During college I met my husband. He had been saved during his senior year of High School, and we spent many hours talking about God, and Jesus. After we married, we started attending church. One fateful Sunday I went alone, and during the invitation, I felt an overwhelming conviction that the invitation was for me. Honestly, I was stunned, having thought for many years that I was saved! I didn’t respond to the invitation that day, but all the next week it was on my mind, and I prayed to really know what to do. The following Sunday during the invitation I was again convicted in my heart that I needed to respond and this time, I went forward, prayed for Jesus to forgive me of my sins, and truly accepted him as Savior. Even today, almost 30 years later, I can remember the overwhelming flood of relief and joy.
Of my four siblings, parents, step-parents, in-laws, nieces and nephews, only a few are saved. I count many lost people among my extended family, and I believe it is an imperative that I pray for them. In Romans 10:1 Paul wrote, “Brothers, my heart’s desire and prayer to God for the Israelites is that they may be saved,” (emphasis mine). As C.H. Spurgeon once stated in a sermon:
Until the gate of hell is shut upon a man, we must not cease to pray for him. And if we see him hugging the very doorposts of damnation, we must go to the mercy seat and beseech the arm of grace to pluck him from his dangerous position. While there is life there is hope, and although the soul is almost smothered with despair, we must not despair for it, but rather arouse ourselves to awaken the Almighty arm.

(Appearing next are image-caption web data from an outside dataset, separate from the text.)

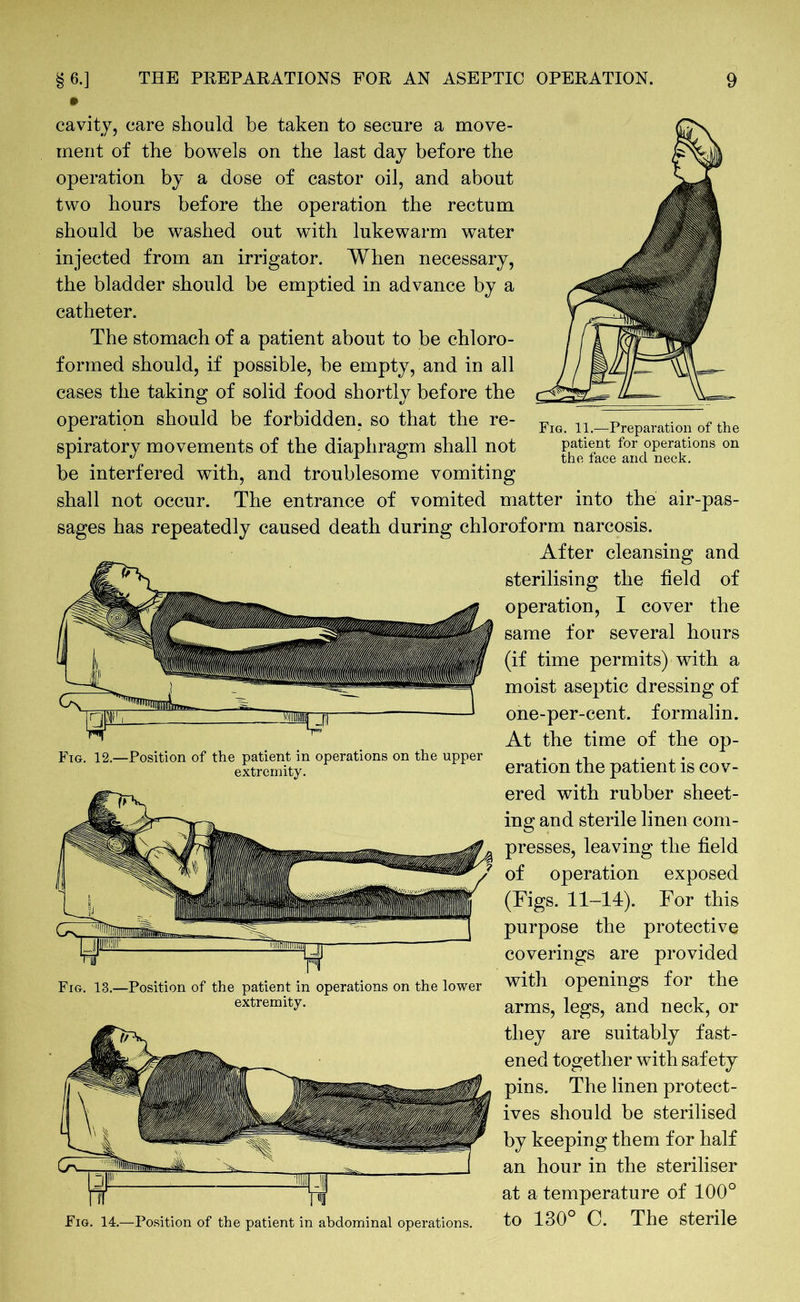 Fig. 11.—Preparation of the patient for operations on the face and neck. cavity, care should be taken to secure a move- ment of the bowels on the last day before the operation by a dose of castor oil, and about two hours before the operation the rectum should be washed out with lukewarm water injected from an irrigator. When necessary, the bladder should be emptied in advance by a catheter. The stomach of a patient about to be chloro- formed should, if possible, be empty, and in all cases the taking of solid food shortly before the operation should be forbidden, so that the re- spiratory movements of the diaphragm shall not be interfered with, and troublesome vomiting shall not occur. The entrance of vomited matter into the air-pas- s has repeatedly caused death during chloroform narcosis. After cleansing and sterilising the field of operation, I cover the same for several hours (if time permits) with a moist aseptic dressing of one-per-cent, formalin. At the time of the op- eration the patient is cov- ered with rubber sheet- ing and sterile linen com- presses, leaving the field of operation exposed (Figs. 11-14). For this purpose the protective coverings are provided with openings for the arms, legs, and neck, or they are suitably fast- ened together with safety pins. The linen protect- ives should be sterilised by keeping them for half an hour in the steriliser at a temperature of 100° Fig. 14.—Position of the patient in abdominal operations. to 130° C. The sterile Fig. 12.—Position of the patient in operations on the upper extremity. Fig. 13.—Position of the patient in operations on the lower extremity.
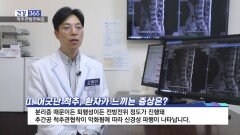 [건강365] 폐경기 허리 방사통, ′척추 미끄럼증′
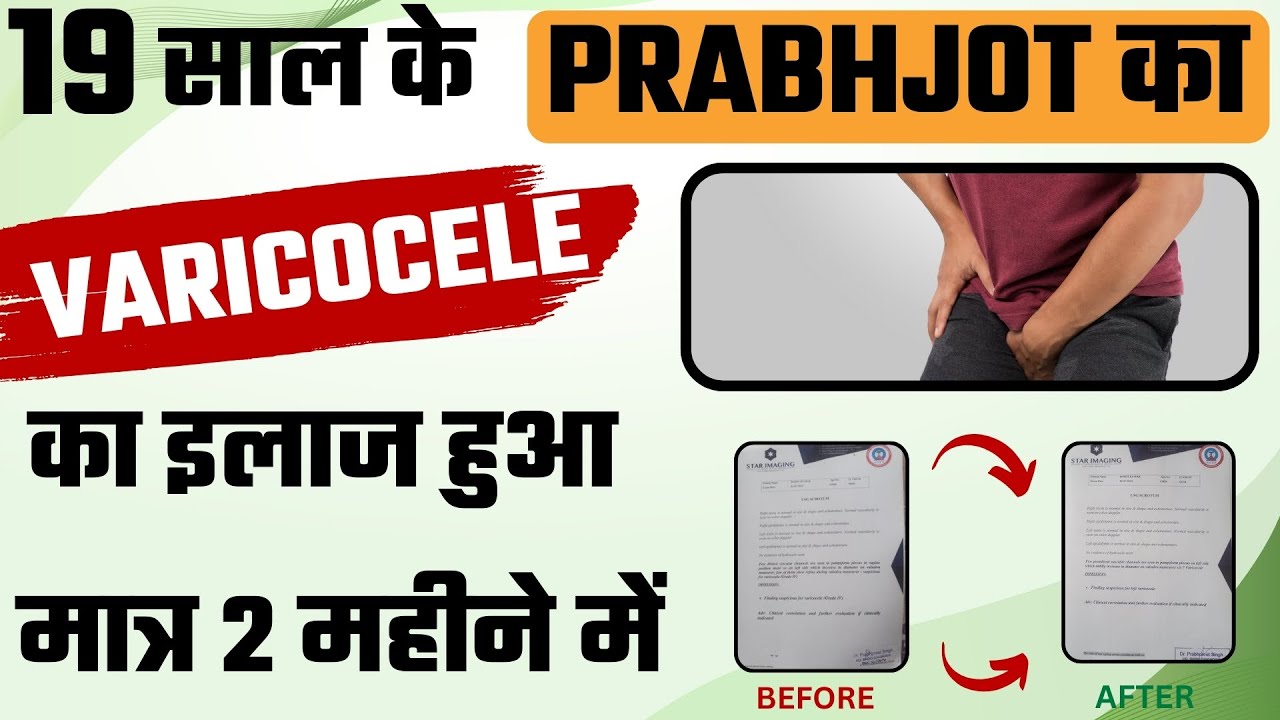 19 साल के Prabhjot का Varicocele का इलाज हुआ मात्र 2 महीने में | Bharat Homeopathy Varicocele Review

There are days when I am frustrated with seemingly unanswered prayers regarding the salvation of people I love. So the Scripture I’m choosing this time is 2 Pet 3:9, “The Lord is not slow in keeping his promise, as some understand slowness. He is patient with you, not wanting anyone to perish, but everyone to come to repentance” (NIV), which reminds me that these things are under His control and His timing, and that God desires salvation for every soul. If you have lost loved ones, like me, perhaps this verse will comfort you also.
I am so grateful for this blog, and SSMT. The friends I have met through this blog, the original Siesta Fiesta, and the SSMTC events are so precious to me.